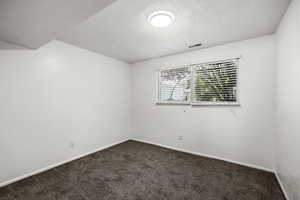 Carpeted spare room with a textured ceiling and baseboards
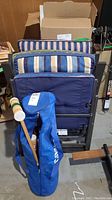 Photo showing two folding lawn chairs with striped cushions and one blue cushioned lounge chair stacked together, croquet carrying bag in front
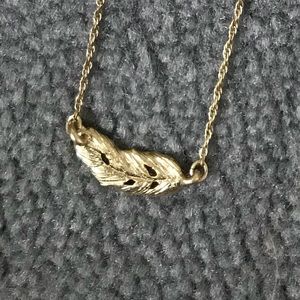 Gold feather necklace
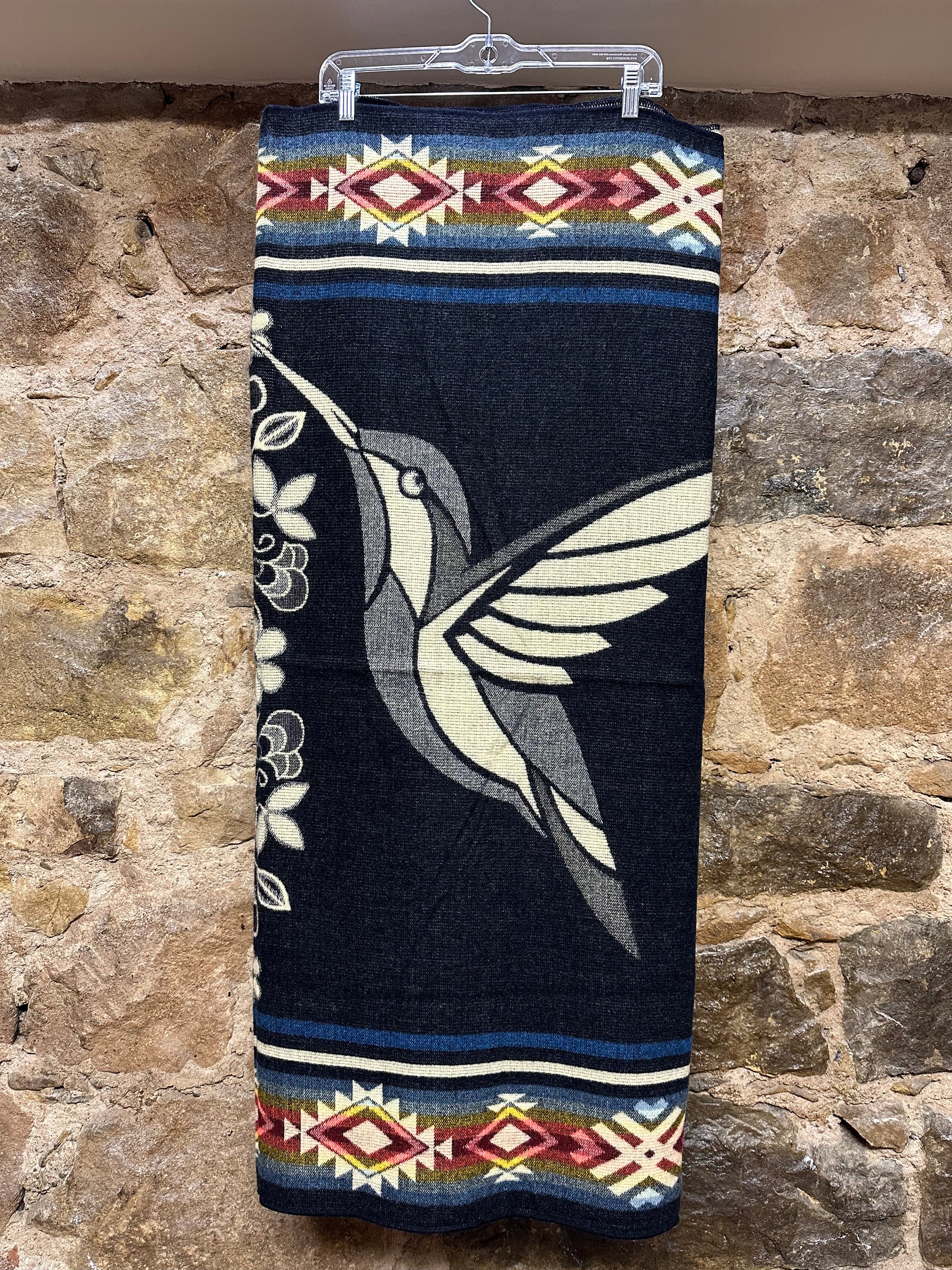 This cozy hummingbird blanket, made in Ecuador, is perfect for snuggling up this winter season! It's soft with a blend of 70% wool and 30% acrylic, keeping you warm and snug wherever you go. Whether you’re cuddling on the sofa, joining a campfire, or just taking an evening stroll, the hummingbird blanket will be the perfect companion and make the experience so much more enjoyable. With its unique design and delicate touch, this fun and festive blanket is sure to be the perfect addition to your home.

══════

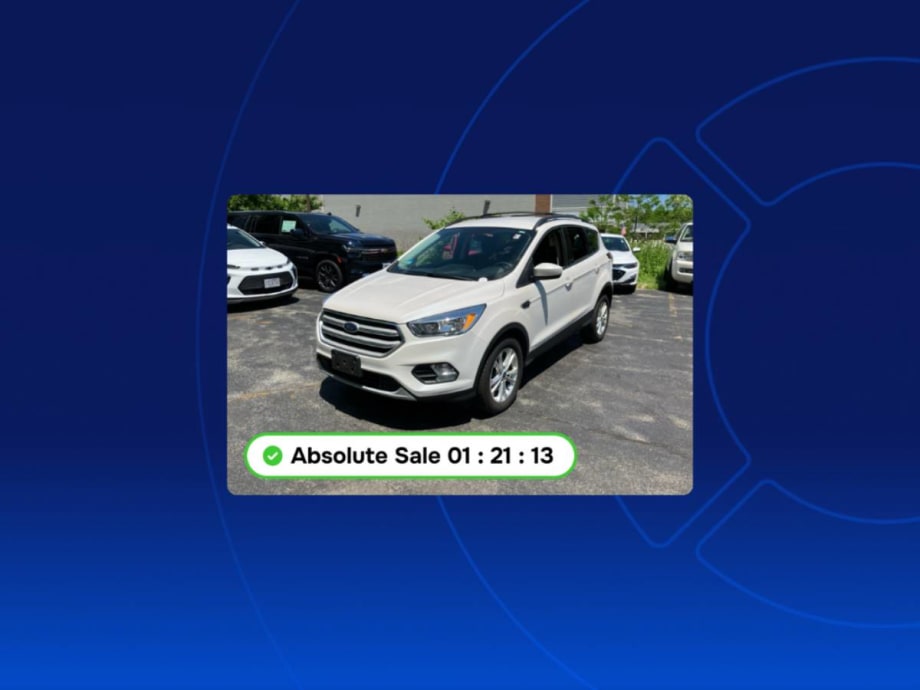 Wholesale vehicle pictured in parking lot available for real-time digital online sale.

══════

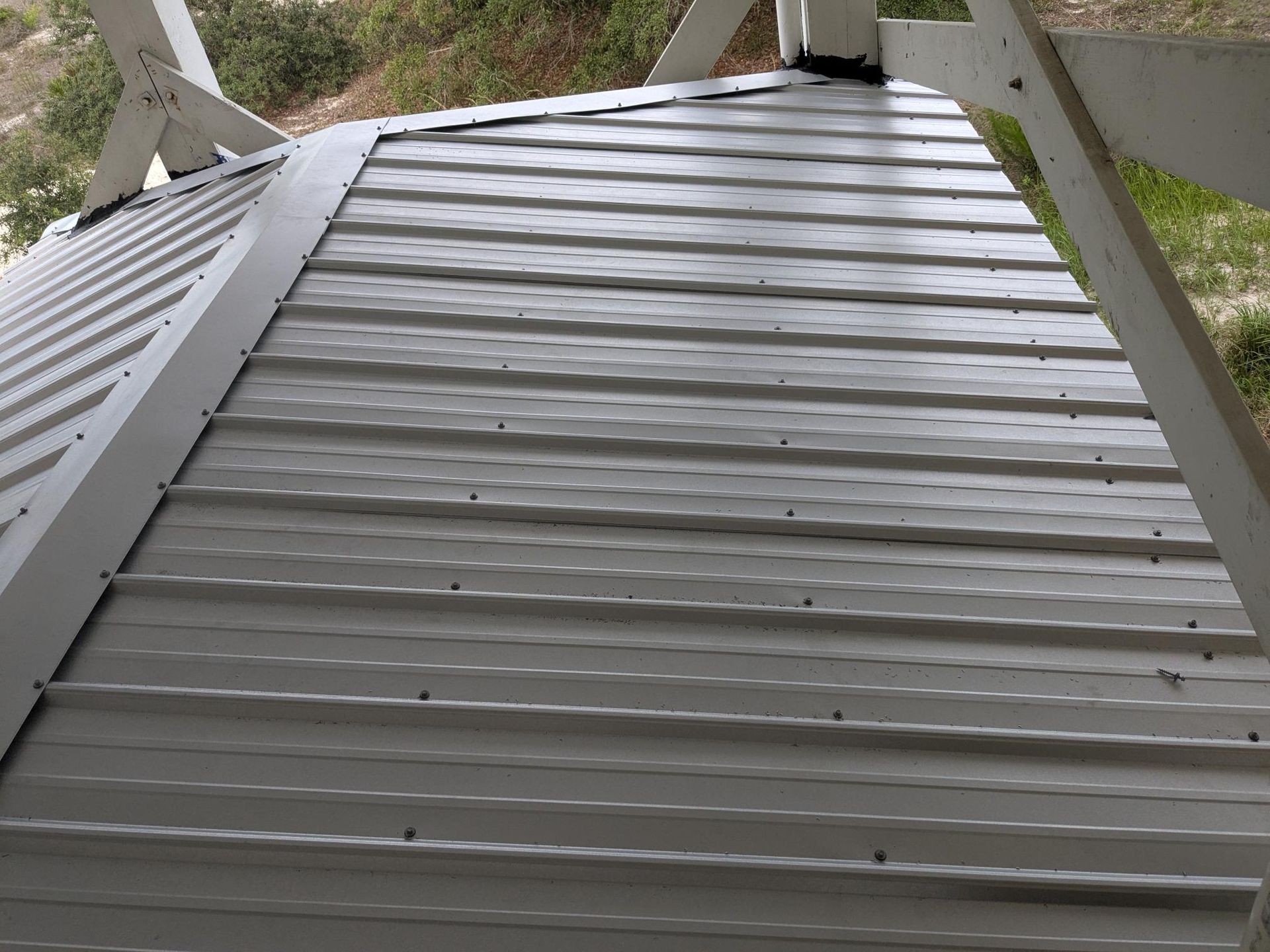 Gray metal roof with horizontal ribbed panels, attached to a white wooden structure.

══════

What to produce = Reproduce the lines above beginning at the line that contains "Carpeted spare room" and ending at the line that contains "This cozy hummingbird". No pictures.

Finished task =
 Carpeted spare room with a textured ceiling and baseboards
 Photo showing two folding lawn chairs with striped cushions and one blue cushioned lounge chair stacked together, croquet carrying bag in front
 Gold feather necklace
 This cozy hummingbird blanket, made in Ecuador, is perfect for snuggling up this winter season! It's soft with a blend of 70% wool and 30% acrylic, keeping you warm and snug wherever you go. Whether you’re cuddling on the sofa, joining a campfire, or just taking an evening stroll, the hummingbird blanket will be the perfect companion and make the experience so much more enjoyable. With its unique design and delicate touch, this fun and festive blanket is sure to be the perfect addition to your home.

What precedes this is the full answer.